The Martins and Coburns chose California Chrome's official name in 2013 at Brewsters Bar & Grill in Galt, California – a town halfway between their two homes. Each of the four owners wrote a potential name on pieces of paper and asked a waitress to draw them out of Coburn's cowboy hat. California Chrome, Coburn's choice, was first drawn and the registry accepted the name.
California Chrome's first start as a two-year-old was in a maiden race at Hollywood Park in April 2013, where he placed second by a length. The horse returned to Hollywood Park for his final race of 2013, the King Glorious Stakes – a race that he would dominate and lead his trainer, Art Sherman, to begin considering him as a Kentucky Derby contender.
However, California Chrome’s owner, Perry Martin, considered him a Derby contender long before that race. Early on, he asked Steve Sherman, who had trained horses for Martin at Golden Gate Fields, to recommend a trainer based in the highly competitive southern California area and Steve suggested his father, Art. With a reputation for having patience with young Thoroughbreds and a small racing stable of only about 15 horses, Art’s techniques allowed each animal to be given individualized attention.
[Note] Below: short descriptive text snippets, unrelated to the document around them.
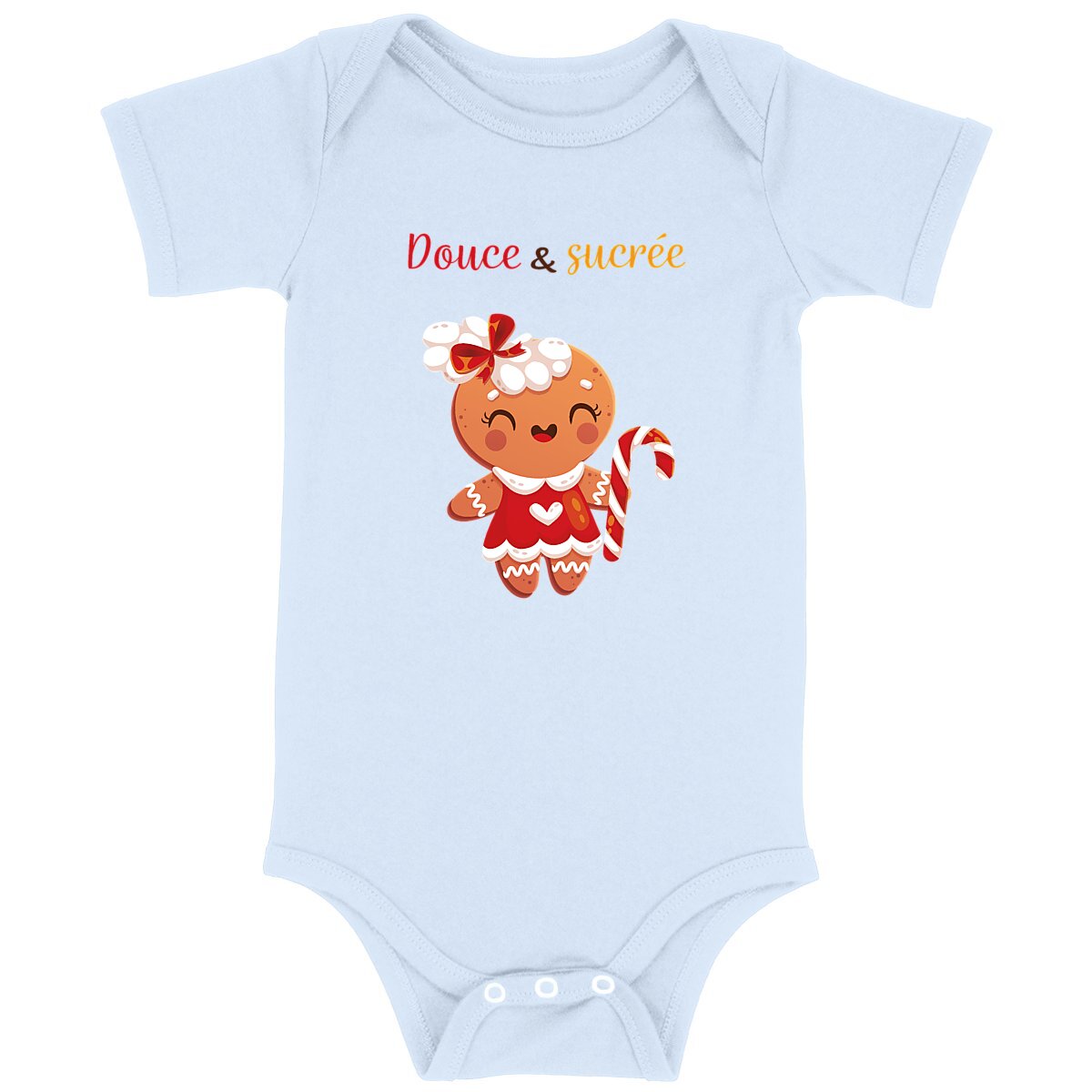 Body douce et sucrée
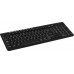 TECLADO MULTIMEDIA INALAMBRICO NEGRO ACTECK AC-913973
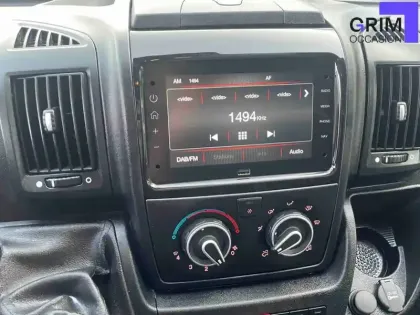 Photo 8 Citroën Jumper  CHASSIS CAB MAXI 35 L3 BLUEHDi 165 S&S BVM6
His style of training and heightened involvement would prove to become invaluable to the future success of California Chrome.
Prior to California Chrome's first Grade 1 win at the Santa Anita Derby, his owners turned down a $6 million offer for a 51% controlling interest in the colt that would have mandated putting the horse with a different trainer. Coburn later explained, "It isn't about the money, this is about the dream." California Chrome went on to race to the front of the field by the quarter pole and win the $1 million Santa Anita Derby by 5 1⁄4 lengths. The decisive win made him an early favorite to win the 2014 Kentucky Derby and raised speculation that he had the talent to win the Triple Crown. From this growing popularity, Denise Martin said, "He's not just our horse anymore; he's the people's horse."